Team Arnold has been dogging Angelides on crime of late, having prominent law enforcement figures in the regions the Democratic candidate campaigns in challenge him to take a position on Jessica’s Law. He has yet to do so, and for liberal civil liberties reasons, is not seen as one of the initiative’s likeliest supporters.
Today Schwarzenegger appears at an event trumpeting his endorsement by six law enforcement organizations: The California Police Chiefs Association, the California State Sheriffs Association, the California Peace Officers Association, the National Latino Peace Officers Association, the California Narcotics Officers Association, and the Los Angeles County Police Chiefs Association.

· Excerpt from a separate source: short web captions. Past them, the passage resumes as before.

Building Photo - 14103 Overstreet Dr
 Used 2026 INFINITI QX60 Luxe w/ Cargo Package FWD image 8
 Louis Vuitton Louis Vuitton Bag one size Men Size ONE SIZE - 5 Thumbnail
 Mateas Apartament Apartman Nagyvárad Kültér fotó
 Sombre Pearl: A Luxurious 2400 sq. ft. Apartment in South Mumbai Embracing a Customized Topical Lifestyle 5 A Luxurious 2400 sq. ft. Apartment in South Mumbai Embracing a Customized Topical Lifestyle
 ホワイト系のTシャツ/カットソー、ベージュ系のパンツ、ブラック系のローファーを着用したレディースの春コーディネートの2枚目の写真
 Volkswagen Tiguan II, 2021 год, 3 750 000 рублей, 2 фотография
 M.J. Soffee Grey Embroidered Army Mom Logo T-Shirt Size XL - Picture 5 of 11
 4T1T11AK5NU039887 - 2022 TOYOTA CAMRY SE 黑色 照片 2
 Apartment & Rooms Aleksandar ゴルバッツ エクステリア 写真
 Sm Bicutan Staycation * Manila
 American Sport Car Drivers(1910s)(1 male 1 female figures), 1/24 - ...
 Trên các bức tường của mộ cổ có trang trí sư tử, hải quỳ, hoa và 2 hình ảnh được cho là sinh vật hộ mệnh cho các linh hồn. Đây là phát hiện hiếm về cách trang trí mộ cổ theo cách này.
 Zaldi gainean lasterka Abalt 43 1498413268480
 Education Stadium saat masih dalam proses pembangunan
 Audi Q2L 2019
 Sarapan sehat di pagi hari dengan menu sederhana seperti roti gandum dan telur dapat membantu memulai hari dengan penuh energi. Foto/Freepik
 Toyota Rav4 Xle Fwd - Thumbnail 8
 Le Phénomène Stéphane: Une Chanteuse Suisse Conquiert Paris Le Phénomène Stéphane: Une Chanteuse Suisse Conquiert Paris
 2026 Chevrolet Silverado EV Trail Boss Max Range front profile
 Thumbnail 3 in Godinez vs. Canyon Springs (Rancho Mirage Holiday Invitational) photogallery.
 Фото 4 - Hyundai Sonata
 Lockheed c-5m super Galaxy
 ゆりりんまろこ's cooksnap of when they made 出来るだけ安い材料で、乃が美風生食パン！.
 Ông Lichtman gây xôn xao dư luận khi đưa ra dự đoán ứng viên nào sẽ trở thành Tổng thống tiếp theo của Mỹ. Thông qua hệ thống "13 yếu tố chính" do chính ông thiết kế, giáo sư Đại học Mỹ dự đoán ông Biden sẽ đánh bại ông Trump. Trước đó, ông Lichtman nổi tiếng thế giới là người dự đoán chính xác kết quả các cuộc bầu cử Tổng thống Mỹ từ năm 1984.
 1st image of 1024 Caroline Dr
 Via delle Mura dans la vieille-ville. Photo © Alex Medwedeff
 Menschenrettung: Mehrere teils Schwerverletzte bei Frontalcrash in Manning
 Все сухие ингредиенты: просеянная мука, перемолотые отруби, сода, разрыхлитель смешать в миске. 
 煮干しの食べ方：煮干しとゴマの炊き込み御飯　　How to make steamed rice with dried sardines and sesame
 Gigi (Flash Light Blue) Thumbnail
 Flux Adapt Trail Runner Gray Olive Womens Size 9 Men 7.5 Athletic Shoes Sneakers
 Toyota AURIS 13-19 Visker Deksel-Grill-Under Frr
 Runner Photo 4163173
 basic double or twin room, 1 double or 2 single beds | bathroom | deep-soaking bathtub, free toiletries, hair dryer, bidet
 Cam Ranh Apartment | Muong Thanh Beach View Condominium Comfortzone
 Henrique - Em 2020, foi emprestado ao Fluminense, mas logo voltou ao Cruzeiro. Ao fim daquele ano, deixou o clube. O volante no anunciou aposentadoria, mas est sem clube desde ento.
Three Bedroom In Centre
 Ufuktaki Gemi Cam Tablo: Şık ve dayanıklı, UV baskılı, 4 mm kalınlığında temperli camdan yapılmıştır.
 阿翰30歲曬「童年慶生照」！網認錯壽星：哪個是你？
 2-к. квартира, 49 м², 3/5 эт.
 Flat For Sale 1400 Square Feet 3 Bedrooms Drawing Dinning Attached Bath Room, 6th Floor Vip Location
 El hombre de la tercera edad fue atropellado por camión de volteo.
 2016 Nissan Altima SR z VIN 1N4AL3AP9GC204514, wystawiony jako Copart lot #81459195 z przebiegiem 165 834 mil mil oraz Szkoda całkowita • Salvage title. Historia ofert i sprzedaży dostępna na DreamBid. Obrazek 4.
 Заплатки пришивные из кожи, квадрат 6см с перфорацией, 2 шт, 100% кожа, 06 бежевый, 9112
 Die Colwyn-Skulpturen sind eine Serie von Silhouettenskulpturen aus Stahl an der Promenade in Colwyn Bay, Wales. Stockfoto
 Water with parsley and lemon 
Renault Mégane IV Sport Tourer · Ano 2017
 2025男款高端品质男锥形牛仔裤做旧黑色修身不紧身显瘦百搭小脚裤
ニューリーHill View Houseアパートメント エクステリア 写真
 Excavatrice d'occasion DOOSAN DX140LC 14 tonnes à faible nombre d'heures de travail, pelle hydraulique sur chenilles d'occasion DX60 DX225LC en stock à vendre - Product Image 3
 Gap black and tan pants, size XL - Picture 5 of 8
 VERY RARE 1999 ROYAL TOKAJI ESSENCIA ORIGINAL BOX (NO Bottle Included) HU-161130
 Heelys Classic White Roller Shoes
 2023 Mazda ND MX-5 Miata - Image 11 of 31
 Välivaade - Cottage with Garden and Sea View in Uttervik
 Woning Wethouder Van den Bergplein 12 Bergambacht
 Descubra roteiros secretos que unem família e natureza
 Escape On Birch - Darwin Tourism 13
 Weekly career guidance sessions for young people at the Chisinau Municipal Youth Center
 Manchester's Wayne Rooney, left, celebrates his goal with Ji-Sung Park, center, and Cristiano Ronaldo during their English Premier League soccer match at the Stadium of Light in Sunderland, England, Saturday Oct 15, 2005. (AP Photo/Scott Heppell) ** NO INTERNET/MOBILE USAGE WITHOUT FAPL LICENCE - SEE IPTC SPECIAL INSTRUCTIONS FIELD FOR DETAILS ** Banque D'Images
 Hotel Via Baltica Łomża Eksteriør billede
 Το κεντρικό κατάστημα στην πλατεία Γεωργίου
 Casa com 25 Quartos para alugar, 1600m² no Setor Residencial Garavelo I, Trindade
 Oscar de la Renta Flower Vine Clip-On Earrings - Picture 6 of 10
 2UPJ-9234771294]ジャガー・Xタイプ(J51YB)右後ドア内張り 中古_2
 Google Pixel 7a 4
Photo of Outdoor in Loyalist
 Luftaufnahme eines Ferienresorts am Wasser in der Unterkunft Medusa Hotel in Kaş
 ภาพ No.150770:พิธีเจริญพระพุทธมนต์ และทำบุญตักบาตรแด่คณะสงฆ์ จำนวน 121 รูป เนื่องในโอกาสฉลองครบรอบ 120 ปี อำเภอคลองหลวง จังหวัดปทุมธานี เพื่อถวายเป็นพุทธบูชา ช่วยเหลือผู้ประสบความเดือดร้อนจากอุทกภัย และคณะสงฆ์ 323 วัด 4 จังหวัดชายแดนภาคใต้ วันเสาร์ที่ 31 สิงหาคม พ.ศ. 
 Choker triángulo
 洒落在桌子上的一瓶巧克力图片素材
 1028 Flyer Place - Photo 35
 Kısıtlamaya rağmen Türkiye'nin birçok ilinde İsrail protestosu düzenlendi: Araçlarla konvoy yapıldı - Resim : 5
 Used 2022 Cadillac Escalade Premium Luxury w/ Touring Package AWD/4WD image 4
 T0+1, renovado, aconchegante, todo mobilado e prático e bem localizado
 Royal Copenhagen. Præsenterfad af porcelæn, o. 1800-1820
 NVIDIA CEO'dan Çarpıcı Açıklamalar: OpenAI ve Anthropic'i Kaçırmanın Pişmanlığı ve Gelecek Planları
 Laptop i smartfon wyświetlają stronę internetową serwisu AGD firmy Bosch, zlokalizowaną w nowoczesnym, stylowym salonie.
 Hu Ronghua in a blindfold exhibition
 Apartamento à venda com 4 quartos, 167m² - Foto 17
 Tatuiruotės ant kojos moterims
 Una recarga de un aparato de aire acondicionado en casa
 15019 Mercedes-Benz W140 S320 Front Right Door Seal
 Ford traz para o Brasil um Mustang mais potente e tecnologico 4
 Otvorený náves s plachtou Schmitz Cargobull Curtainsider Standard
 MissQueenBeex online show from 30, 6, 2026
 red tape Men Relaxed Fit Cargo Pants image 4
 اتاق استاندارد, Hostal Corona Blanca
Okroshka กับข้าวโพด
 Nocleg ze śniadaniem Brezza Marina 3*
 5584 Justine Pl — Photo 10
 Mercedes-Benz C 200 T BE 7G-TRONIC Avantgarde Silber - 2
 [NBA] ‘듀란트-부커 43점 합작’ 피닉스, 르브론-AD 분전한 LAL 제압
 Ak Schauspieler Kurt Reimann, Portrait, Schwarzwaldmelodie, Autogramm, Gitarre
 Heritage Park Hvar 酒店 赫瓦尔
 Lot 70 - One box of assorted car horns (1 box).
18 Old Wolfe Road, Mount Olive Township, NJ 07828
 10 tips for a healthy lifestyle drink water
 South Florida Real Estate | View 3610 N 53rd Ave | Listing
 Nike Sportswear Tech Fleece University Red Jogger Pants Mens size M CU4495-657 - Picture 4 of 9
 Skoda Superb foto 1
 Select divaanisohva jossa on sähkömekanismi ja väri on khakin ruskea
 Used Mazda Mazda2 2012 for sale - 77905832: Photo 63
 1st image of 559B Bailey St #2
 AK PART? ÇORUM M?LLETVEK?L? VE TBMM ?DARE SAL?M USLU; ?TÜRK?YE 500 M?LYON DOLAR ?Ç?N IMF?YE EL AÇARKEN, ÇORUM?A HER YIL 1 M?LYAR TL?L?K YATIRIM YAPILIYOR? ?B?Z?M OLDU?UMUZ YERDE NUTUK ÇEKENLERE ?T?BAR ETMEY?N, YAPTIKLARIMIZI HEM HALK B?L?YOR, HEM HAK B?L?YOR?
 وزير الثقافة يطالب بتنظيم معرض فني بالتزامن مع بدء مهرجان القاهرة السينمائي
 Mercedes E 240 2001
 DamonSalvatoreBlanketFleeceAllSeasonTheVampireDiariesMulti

Later in the day, his campaign will also announce its public safety coalition, consisting of prominent individuals such as various district attorneys around the state. Schwarzenegger struck up an alliance with county prosecutors when he intervened, with the assistance of former Governor Jerry Brown, to defeat the three-strikes sentencing reform initiative, which had enjoyed a wide lead in the polls, in November 2004. When he needed a friendly forum for his prison crisis speech on Monday, the California District Attorneys Association provided it.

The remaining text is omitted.